Update Hello newcomers. Posts usually close for comments after two weeks. But since this one is getting so many views, I moved it up to re-open comments.
“Here is a column of a couple of dozen numbers. From them, calculate the mean and standard deviation. When you are finished—it should take you a good fifteen to twenty minutes—report back to me.”
So goes the instruction in many, if not most or even all, undergraduate statistics courses across the land. Part of the reason this is so is nostalgia. Professors learn statistics in a certain way; they naturally teach it in that same way. Running through endless examples of plugging numbers into calculators and pressing certain buttons are what they did while growing up and, by God, what was good enough for them, is good enough for students. So what if the students forget why they’ve done it?
This inertia is a quirk of human nature and is common in any field of instruction: its limitations are overcome easily by all serious students. Far more restraining, however, are the pernicious effects of the belief that statistics is a branch of mathematics.
Statistics is not math; neither is probability. It is true that math has proven unreasonably effective in understanding statistics, but it is not, as Wigner suggested for the relationship between physics and mathematics, the best, or at least not the sole, language to describe its workings.
That language is philosophical. Just think: statistics self-named purpose is to compile evidence to use in quantifying uncertainty in (self-selected) hypotheses. How this evidence bears on the hypotheses may be best described mathematically, but why it does so cannot be. It also cannot be that because statistics uses so much math that it is math. This would be equivalent to saying that accounting is a branch of mathematics because it too rests on multitudinous calculations.

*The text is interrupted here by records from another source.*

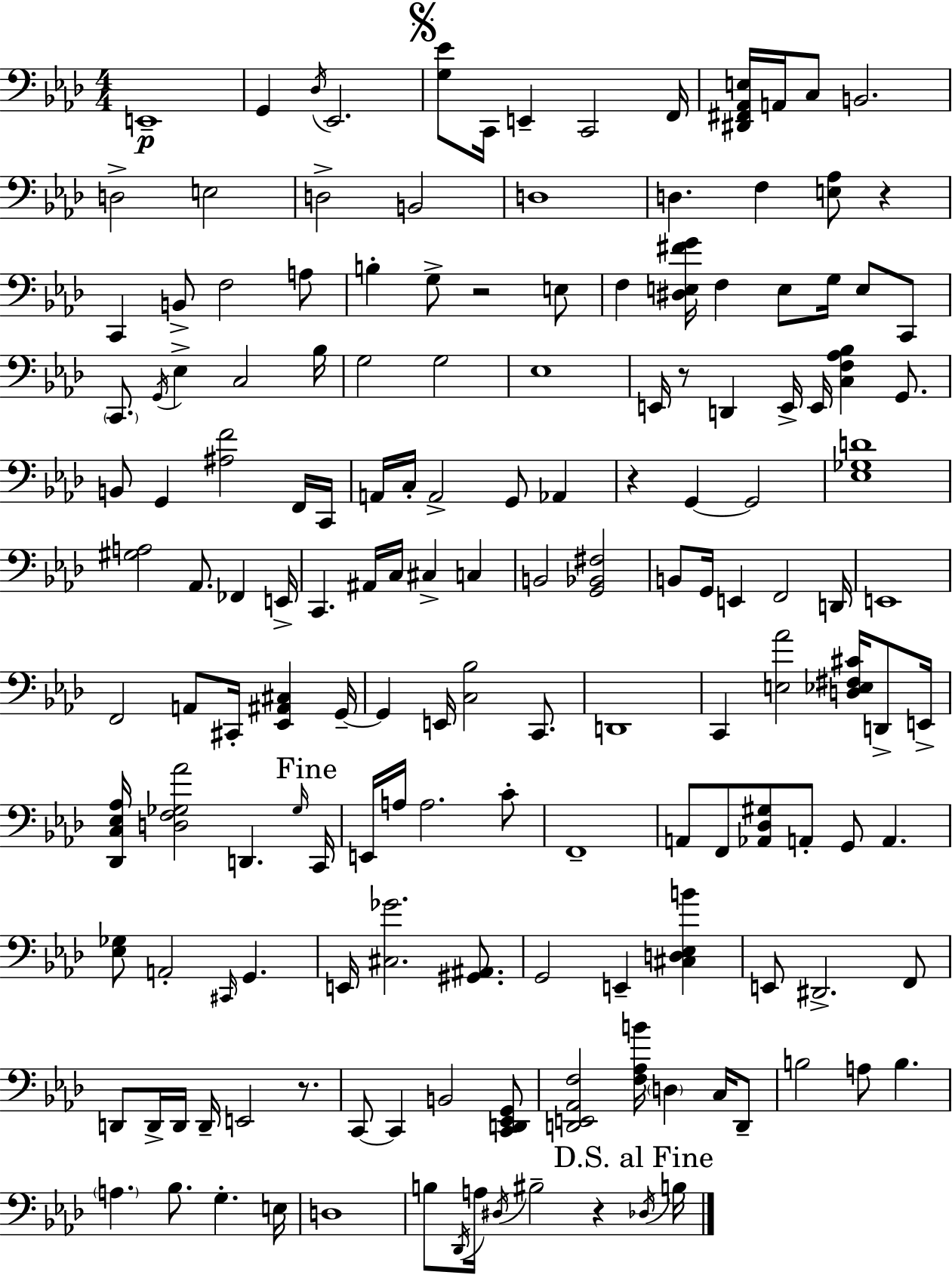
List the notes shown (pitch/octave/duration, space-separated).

E2/w G2/q Db3/s Eb2/h. [G3,Eb4]/e C2/s E2/q C2/h F2/s [D#2,F#2,Ab2,E3]/s A2/s C3/e B2/h. D3/h E3/h D3/h B2/h D3/w D3/q. F3/q [E3,Ab3]/e R/q C2/q B2/e F3/h A3/e B3/q G3/e R/h E3/e F3/q [D#3,E3,F#4,G4]/s F3/q E3/e G3/s E3/e C2/e C2/e. G2/s Eb3/q C3/h Bb3/s G3/h G3/h Eb3/w E2/s R/e D2/q E2/s E2/s [C3,F3,Ab3,Bb3]/q G2/e. B2/e G2/q [A#3,F4]/h F2/s C2/s A2/s C3/s A2/h G2/e Ab2/q R/q G2/q G2/h [Eb3,Gb3,D4]/w [G#3,A3]/h Ab2/e. FES2/q E2/s C2/q. A#2/s C3/s C#3/q C3/q B2/h [G2,Bb2,F#3]/h B2/e G2/s E2/q F2/h D2/s E2/w F2/h A2/e C#2/s [Eb2,A#2,C#3]/q G2/s G2/q E2/s [C3,Bb3]/h C2/e. D2/w C2/q [E3,Ab4]/h [D3,Eb3,F#3,C#4]/s D2/e E2/s [Db2,C3,Eb3,Ab3]/s [D3,F3,Gb3,Ab4]/h D2/q. Gb3/s C2/s E2/s A3/s A3/h. C4/e F2/w A2/e F2/e [Ab2,Db3,G#3]/e A2/e G2/e A2/q. [Eb3,Gb3]/e A2/h C#2/s G2/q. E2/s [C#3,Gb4]/h. [G#2,A#2]/e. G2/h E2/q [C#3,D3,Eb3,B4]/q E2/e D#2/h. F2/e D2/e D2/s D2/s D2/s E2/h R/e. C2/e C2/q B2/h [C2,D2,Eb2,G2]/e [D2,E2,Ab2,F3]/h [F3,Ab3,B4]/s D3/q C3/s D2/e B3/h A3/e B3/q. A3/q. Bb3/e. G3/q. E3/s D3/w B3/e Db2/s A3/s D#3/s BIS3/h R/q Db3/s B3/s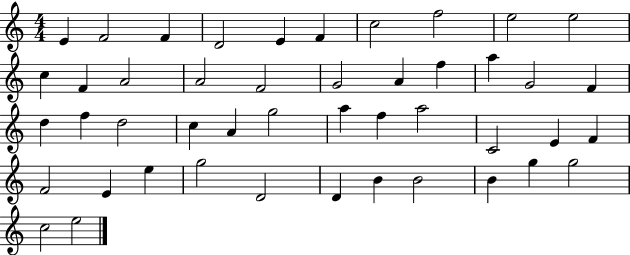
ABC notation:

X:1
T:Untitled
M:4/4
L:1/4
K:C
E F2 F D2 E F c2 f2 e2 e2 c F A2 A2 F2 G2 A f a G2 F d f d2 c A g2 a f a2 C2 E F F2 E e g2 D2 D B B2 B g g2 c2 e2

Statistics rightly belongs to epistemology, the philosophy of how we know what we know. Probability and statistics can even be called quantitative epistemology. Our axioms concern themselves with what probability means; that is, of the interpretation of uncertainty. But we abandon those axioms too quickly, choosing instead to follow the path of equations, nearly always skimping on what those equations actually mean.
To master probability and statistics requires mastering a great chunk of math. But we begin to go wrong when we mindlessly apply equations in inappropriate situations because of the allure of quantification. Worse, we routinely reify the mathematics; for example, p-values positively wriggle with life: to most, they are mysterious magic numbers. Equations become a scapegoat: when what was supposed to have been true or likely because of statistical calculation turns out to be false and even ridiculous, the culprits who touted the falsity point the finger of blame at the math.
Philosophy sharpens the mind. It teaches us to recognize and eliminate sloppy thinking and writing, two elements rife in our field. If people spent more time thinking about what they are saying and doing, much error would be reduced or eliminated.
I’ll give just one example. Ask any statistician for the definition of a confidence interval. Chances are overwhelming that he’ll tell you something false. But he’ll believe the falsity, and because of that, he’ll go on using confidence intervals, interpreting them wrongly, and he’ll justify their use because, well, because they are being used. The reason this behavior persists is sloppy writing on the part of textbook writers: flaws which could have been largely eliminated had the authors had some philosophical training.
What is a confidence interval? It is an equation, of course, that will provide you an interval for your data. It is meant to provide a measure of the uncertainty of a parameter estimate. Now, strictly according to frequentist theory—which we can even assume is true—the only thing you can say about the CI you have in hand is that the true value of the parameter lies within it or that it does not. This is a tautology, therefore it is always true. Thus, the CI provides no measure of uncertainty at all: in fact, it is a useless exercise to compute one.
But ask your neighborhood statistician and you will hear words about “95% confidence”, about “long runs”, about “other experiments”, etc., etc. These poorly chosen phrases are a bar to clear thinking. They make the utterer forget that all he can say is some tautological, and therefore trivial, truth. He has concentrated on the math, making sure to divide by n minus one in the appropriate place, etc., and has not given any time to consider why the calculation exists.
Much nonsense in the last century has been promulgated because of sloppy thinking in statistics. It is time to stop thinking about the mathematics and more on the meaning.
Obviously, there is much more to say: today’s thoughts are just a sketch to help clear my mind and begin a discussion. Meaning, it’s likely I will have fallen prey to my own complaint!